Only one span is wanted from the lines below: from the one with "TANAH KAVLING EKLUSIF" up to and including the one with "#36 Virginia Tech 2021-22 Preview". Copy it exactly, without images.
:: DATA SHOWN
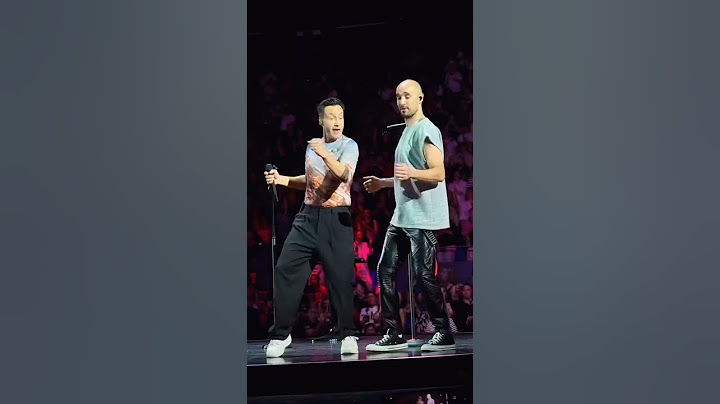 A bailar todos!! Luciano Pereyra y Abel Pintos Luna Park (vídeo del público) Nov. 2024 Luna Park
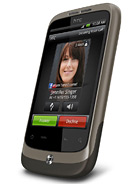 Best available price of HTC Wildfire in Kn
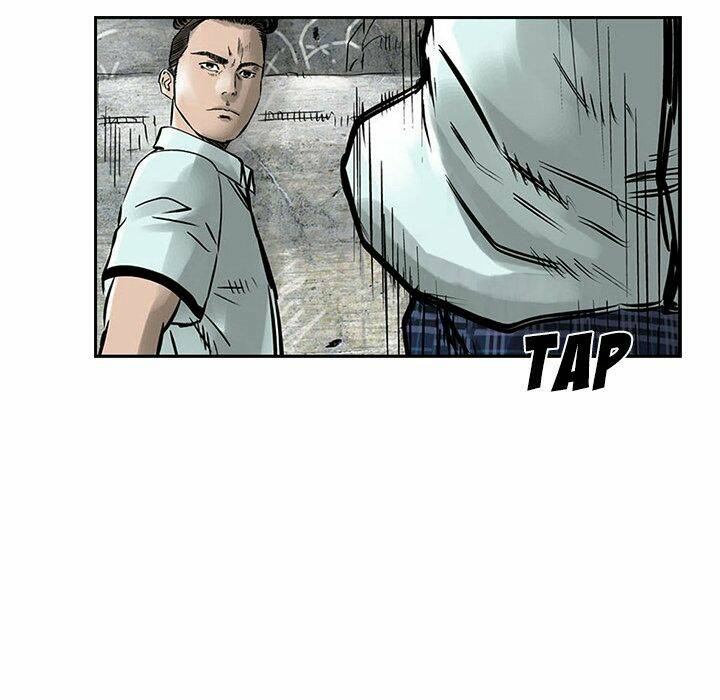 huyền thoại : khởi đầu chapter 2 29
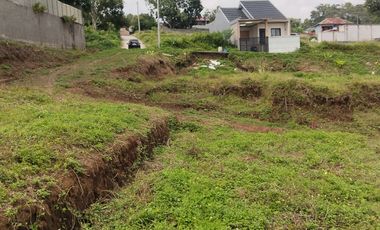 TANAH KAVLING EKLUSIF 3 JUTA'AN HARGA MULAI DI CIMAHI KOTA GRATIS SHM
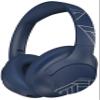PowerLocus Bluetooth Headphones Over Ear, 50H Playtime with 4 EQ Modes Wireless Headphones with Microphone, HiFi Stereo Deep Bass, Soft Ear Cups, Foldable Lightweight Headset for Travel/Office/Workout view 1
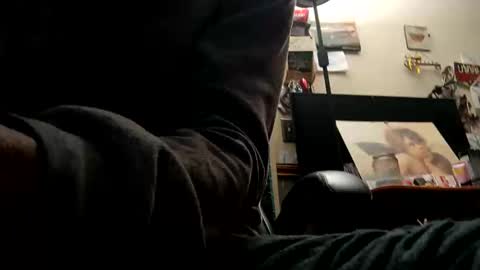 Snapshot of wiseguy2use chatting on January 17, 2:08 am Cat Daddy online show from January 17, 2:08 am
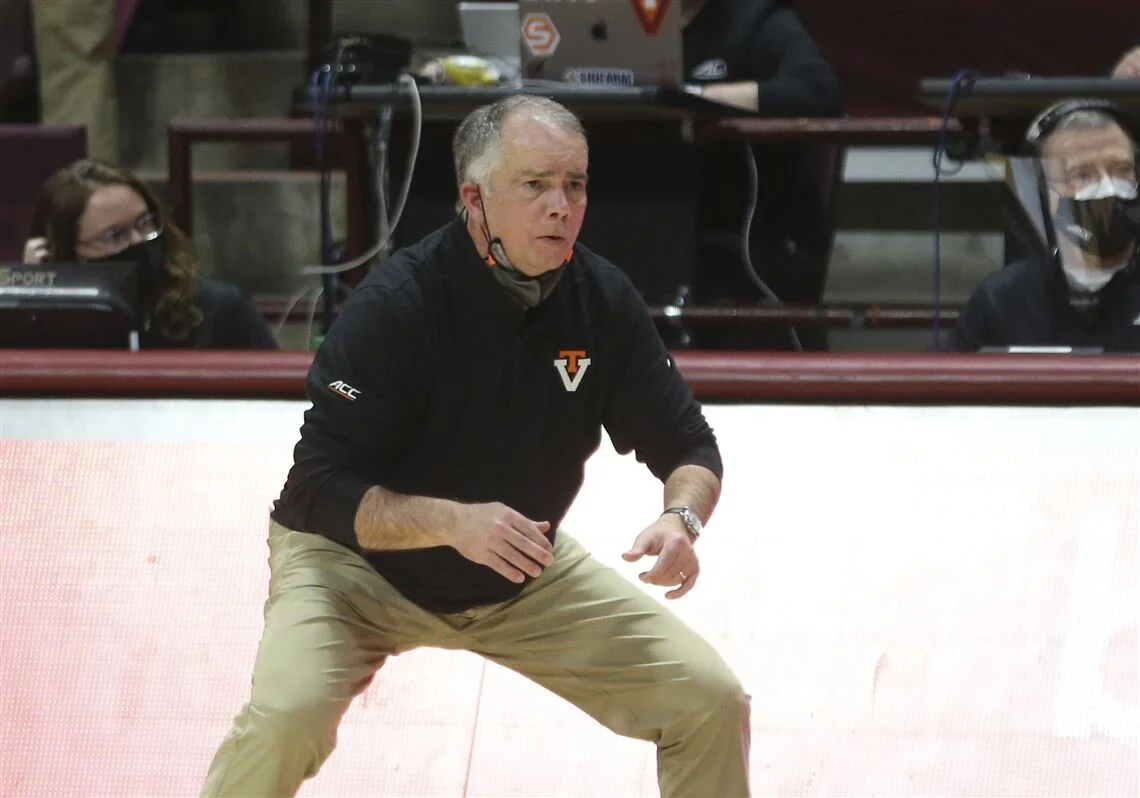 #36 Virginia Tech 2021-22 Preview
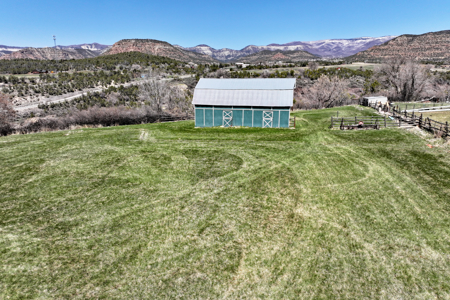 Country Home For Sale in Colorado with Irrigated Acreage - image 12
::::
**RESULT**
 TANAH KAVLING EKLUSIF 3 JUTA'AN HARGA MULAI DI CIMAHI KOTA GRATIS SHM
PowerLocus Bluetooth Headphones Over Ear, 50H Playtime with 4 EQ Modes Wireless Headphones with Microphone, HiFi Stereo Deep Bass, Soft Ear Cups, Foldable Lightweight Headset for Travel/Office/Workout view 1
 Snapshot of wiseguy2use chatting on January 17, 2:08 am Cat Daddy online show from January 17, 2:08 am
 #36 Virginia Tech 2021-22 Preview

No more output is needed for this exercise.